■ **Provided entries**
——————————

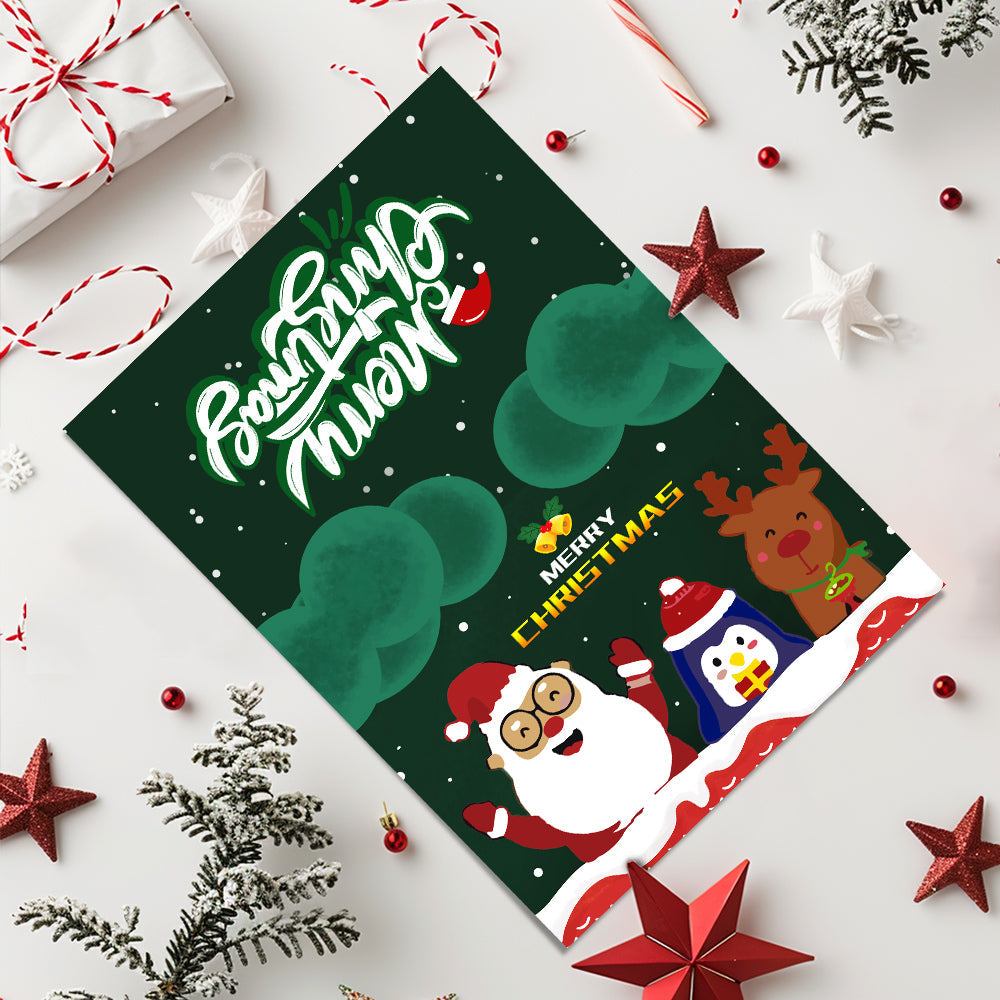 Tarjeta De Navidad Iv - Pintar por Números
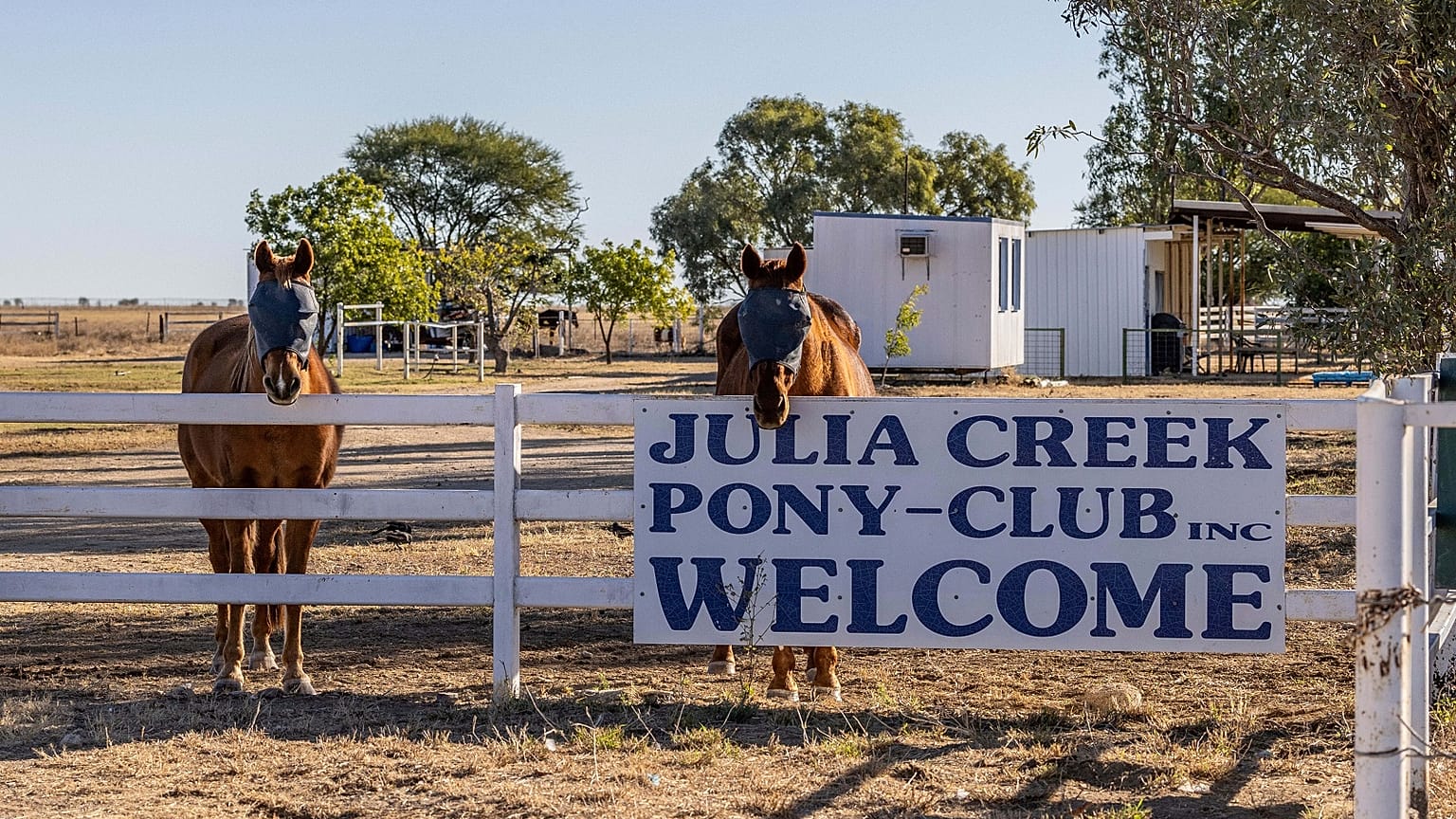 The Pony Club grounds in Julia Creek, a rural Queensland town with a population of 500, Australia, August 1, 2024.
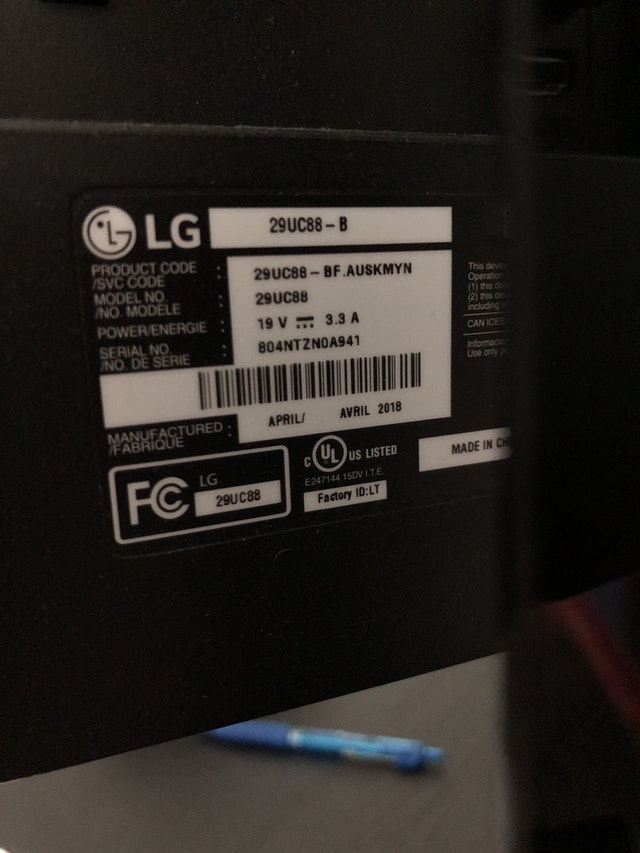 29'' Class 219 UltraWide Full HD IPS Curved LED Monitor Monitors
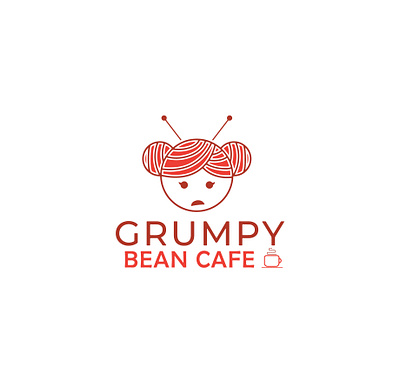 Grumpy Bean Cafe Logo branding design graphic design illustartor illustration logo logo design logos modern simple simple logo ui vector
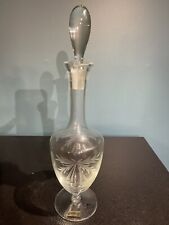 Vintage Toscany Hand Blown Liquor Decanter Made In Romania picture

——————————

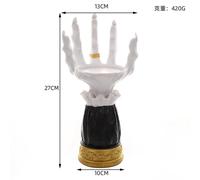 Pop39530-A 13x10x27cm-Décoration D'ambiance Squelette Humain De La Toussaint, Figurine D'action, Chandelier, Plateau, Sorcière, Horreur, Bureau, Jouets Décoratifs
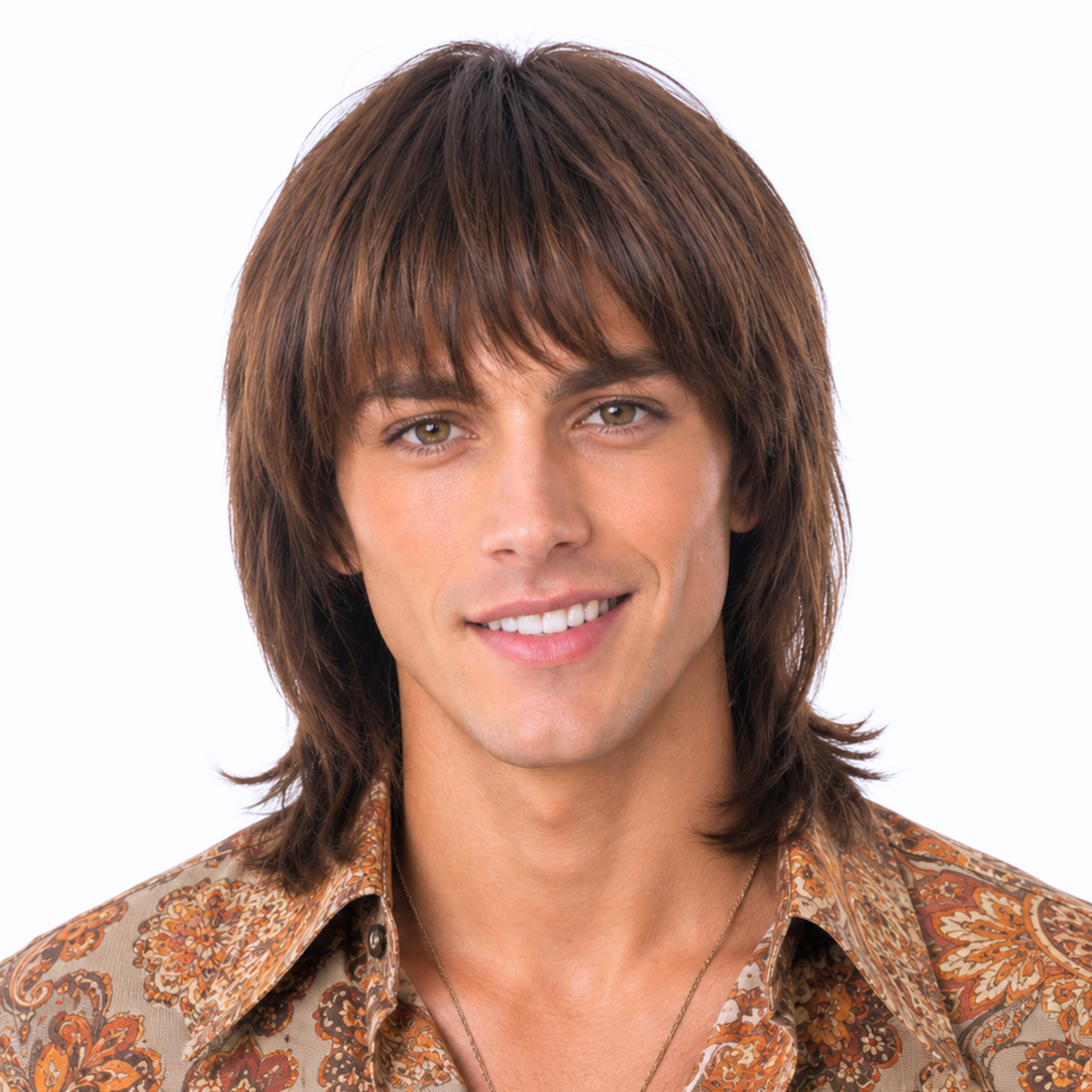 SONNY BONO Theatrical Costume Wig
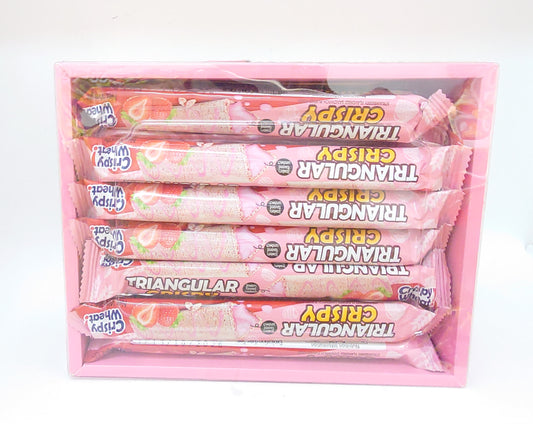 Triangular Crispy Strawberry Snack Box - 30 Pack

——————————

■ **Required action**
Using the data above, return the lines from the one holding "The Pony Club" through the one holding "Vintage Toscany Hand" exactly, but not the pictures.

■ **Exercise solution**
 The Pony Club grounds in Julia Creek, a rural Queensland town with a population of 500, Australia, August 1, 2024.
 29'' Class 219 UltraWide Full HD IPS Curved LED Monitor Monitors
 Grumpy Bean Cafe Logo branding design graphic design illustartor illustration logo logo design logos modern simple simple logo ui vector
 Vintage Toscany Hand Blown Liquor Decanter Made In Romania picture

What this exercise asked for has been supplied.